Country of production United States
original language English
Publishing year 2004
length 106 minutes
Age rating FSK o. A.
JMK 0
Rod
Director Peter Chelsom
script Audrey Wells
production Simon Fields
music Gabriel Yared ,
John Altman
camera John de Borman
cut Charlie Ireland
occupation

May i ask is the title of a US dance film from 2004, produced by Miramax Films and directed by Peter Chelsom . It is a remake of the Japanese film Shall we dance? (1996) by Masayuki Suo .

action

The Chicago lawyer John Clark actually has everything one needs to be happy: a wife who loves him, two children and a secure existence. Yet he feels a kind of dissatisfaction and an inner emptiness. On the way home, he takes the elevated train past a dance school every evening and often sees a dance teacher standing at the window who looks absently melancholy outside. Fascinated by her, he decides to secretly register for a dance class there. But even when it becomes clear to him that Paulina doesn't want to know anything about him, he continues dancing and finally even prepares to take part in a dance tournament.

His wife becomes suspicious of his increasingly better mood. That's why she hires a detective and learns about his secret . She goes to the tournament with her daughter. When Clark notices this, he gets out of step, so that his partner Bobbie suddenly finds himself in a petticoat after a collision with another couple. John gives up dancing, but his wife realizes what it means to him. After a reconciliation, they go to dance school to say goodbye to Paulina, who wants to dance at tournaments again.

The film music

The theme music Shall We Dance varies from tango rhythms and salsa arrangements to the song in Spanglish , sung by Gizelle D'Cole and Pilar Montenegro . The song Shall We Dance originally comes from the musical The King and I and became known in the film version with Deborah Kerr and Yul Brynner . The American R'n'B singer Mýa sings a cover version of the David Bowie classic Let's Dance as a slow hip-hop variant including a rap interlude. The tango between the two main actors is danced to Santa maría (del buen ayre) by Gotan Project . There are also two Mexican boleros : Perfidia by the Chiapas- born composer Alberto Domínguez Borras and ¿Quién será? by Pablo Beltrán Ruiz from Sinaloa . The latter is known in the United States as the English cover version Sway ( Dean Martin et al.); in the final sequence he is covered by the group Pussycat Dolls with Nicole Scherzinger .

The music is available as a soundtrack on CD and as an MP3 download, but it does not contain the tracks Livin 'It Up by Ja Rule in the bar , which can be heard in the film, and the song Shall We Dance from the musical The King and I.

The dance scenes

For the dance scenes, professional dancers - with the exception of the flashbacks and the original introductory scene - were largely dispensed with.
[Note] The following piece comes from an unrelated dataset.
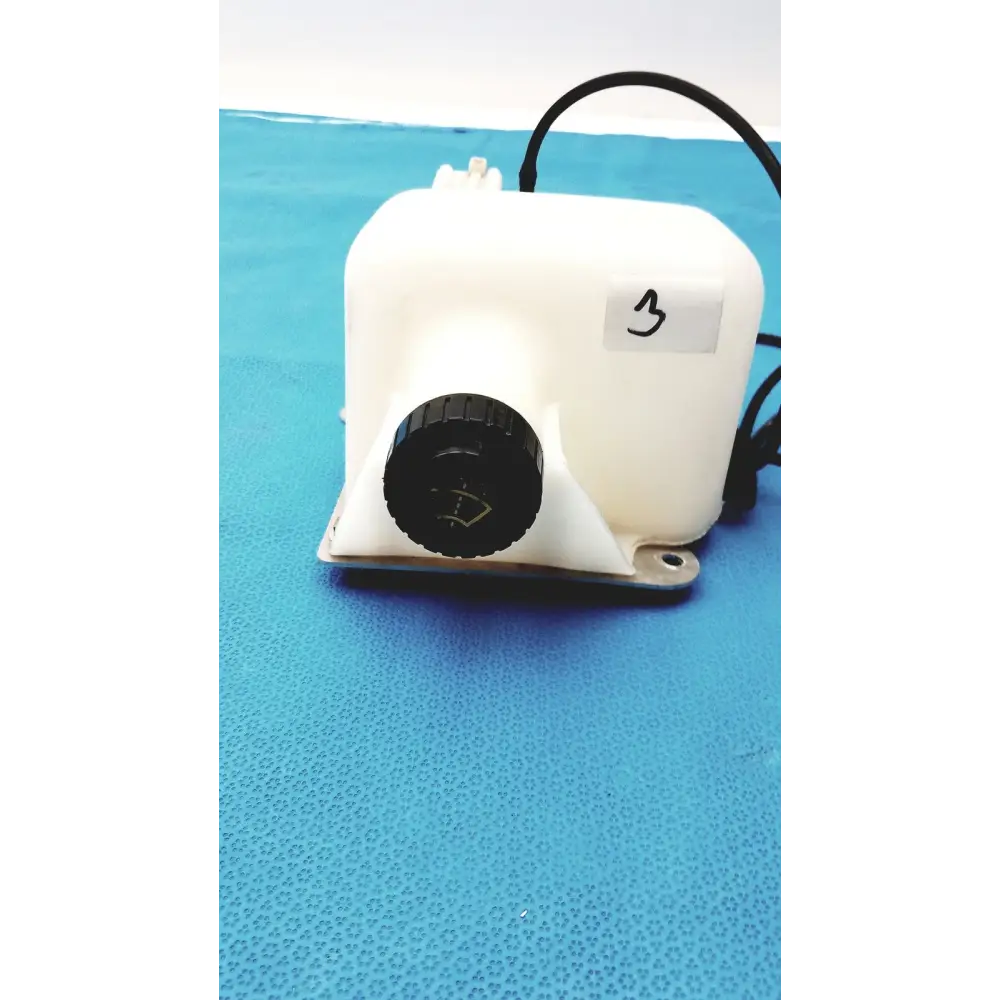 Windshield Washer Fluid Reservoir Tank with Cap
All actors are dance amateurs who had to be specially trained and prepared for the film. Richard Gere, who previously just in the film - Musical Chicago had participated (2002), completed a four-month dance course. Jennifer Lopez also had to learn new dances such as waltzes , tango , quickstep and paso doble . As a passionate hobby dancer in the film, director Peter Chelsom tried to keep the dance scenes as natural as possible because of the credibility. Dance scenes from the competition that seem too perfect have been cut out, but are included on the DVD version.

Awards

Jennifer Lopez and Richard Gere were nominated for the Teen Choice Award in 2005. The song The Book Of Love was nominated for a Golden Satellite Award in 2005.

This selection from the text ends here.